• **What to do**
Reproduce, character for character, the entries from their opening line through the line with "Picture of Green".

-.-.-

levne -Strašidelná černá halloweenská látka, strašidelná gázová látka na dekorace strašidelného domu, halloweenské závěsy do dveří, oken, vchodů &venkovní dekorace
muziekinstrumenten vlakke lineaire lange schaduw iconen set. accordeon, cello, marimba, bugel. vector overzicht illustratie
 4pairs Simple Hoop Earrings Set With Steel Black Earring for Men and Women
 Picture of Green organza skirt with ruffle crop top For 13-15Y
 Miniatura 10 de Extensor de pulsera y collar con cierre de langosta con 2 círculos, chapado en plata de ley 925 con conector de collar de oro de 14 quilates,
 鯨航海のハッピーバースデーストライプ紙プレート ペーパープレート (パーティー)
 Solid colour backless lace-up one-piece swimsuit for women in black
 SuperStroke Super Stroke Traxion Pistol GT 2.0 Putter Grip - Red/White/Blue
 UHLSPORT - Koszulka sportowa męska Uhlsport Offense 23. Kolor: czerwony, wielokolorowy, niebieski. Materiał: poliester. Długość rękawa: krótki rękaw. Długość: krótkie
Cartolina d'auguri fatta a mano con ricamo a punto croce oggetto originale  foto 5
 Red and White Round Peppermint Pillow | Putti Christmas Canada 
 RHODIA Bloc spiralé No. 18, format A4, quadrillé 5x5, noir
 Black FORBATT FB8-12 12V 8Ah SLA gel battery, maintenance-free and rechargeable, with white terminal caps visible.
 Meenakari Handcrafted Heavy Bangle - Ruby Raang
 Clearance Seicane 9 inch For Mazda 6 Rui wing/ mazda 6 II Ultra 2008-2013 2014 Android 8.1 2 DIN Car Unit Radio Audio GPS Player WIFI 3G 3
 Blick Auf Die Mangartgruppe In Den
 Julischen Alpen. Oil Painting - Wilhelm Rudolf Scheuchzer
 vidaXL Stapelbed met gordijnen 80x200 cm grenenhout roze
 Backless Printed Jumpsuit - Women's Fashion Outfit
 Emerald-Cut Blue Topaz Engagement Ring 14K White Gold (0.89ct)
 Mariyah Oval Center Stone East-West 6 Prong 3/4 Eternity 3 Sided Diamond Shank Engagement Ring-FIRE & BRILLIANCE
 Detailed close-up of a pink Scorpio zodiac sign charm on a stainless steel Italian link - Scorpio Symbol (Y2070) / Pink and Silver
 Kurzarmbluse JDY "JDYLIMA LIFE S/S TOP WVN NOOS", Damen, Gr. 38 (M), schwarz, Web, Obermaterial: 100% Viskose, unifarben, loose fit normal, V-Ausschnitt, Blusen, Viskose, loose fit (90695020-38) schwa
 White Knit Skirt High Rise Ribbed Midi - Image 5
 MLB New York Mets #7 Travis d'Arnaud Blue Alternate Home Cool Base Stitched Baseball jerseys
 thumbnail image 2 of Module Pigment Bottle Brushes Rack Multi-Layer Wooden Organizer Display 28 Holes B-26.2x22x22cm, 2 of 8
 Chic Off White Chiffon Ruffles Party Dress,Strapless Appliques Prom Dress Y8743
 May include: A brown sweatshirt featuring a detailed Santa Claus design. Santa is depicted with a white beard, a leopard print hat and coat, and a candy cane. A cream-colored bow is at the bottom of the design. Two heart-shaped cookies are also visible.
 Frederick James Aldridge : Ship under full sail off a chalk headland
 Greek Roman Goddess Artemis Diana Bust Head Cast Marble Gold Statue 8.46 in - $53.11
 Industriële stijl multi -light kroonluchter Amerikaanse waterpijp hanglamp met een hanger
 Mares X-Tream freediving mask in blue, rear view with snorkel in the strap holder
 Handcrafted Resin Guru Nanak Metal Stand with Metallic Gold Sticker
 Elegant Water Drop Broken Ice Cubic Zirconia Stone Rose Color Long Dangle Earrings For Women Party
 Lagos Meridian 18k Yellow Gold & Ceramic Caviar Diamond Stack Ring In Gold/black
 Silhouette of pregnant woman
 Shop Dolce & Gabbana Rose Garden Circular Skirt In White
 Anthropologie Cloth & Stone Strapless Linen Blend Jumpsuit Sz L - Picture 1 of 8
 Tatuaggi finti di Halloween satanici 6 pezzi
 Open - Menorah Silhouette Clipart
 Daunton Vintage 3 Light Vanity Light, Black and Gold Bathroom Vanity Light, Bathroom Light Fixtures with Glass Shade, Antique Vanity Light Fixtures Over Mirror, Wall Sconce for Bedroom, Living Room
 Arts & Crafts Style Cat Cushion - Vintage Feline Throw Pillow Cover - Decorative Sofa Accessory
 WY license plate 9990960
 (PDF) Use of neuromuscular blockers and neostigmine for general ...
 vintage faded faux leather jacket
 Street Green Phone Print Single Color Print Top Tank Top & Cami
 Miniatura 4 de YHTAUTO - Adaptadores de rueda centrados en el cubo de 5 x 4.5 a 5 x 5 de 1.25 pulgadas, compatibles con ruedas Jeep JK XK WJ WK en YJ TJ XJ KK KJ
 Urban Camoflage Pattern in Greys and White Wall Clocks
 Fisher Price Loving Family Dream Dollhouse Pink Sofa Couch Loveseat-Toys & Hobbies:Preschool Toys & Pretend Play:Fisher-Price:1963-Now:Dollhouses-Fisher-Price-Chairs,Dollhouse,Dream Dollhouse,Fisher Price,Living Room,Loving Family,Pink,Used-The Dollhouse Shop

-.-.-

• **Solution for this task**
levne -Strašidelná černá halloweenská látka, strašidelná gázová látka na dekorace strašidelného domu, halloweenské závěsy do dveří, oken, vchodů &venkovní dekorace
muziekinstrumenten vlakke lineaire lange schaduw iconen set. accordeon, cello, marimba, bugel. vector overzicht illustratie
 4pairs Simple Hoop Earrings Set With Steel Black Earring for Men and Women
 Picture of Green organza skirt with ruffle crop top For 13-15Y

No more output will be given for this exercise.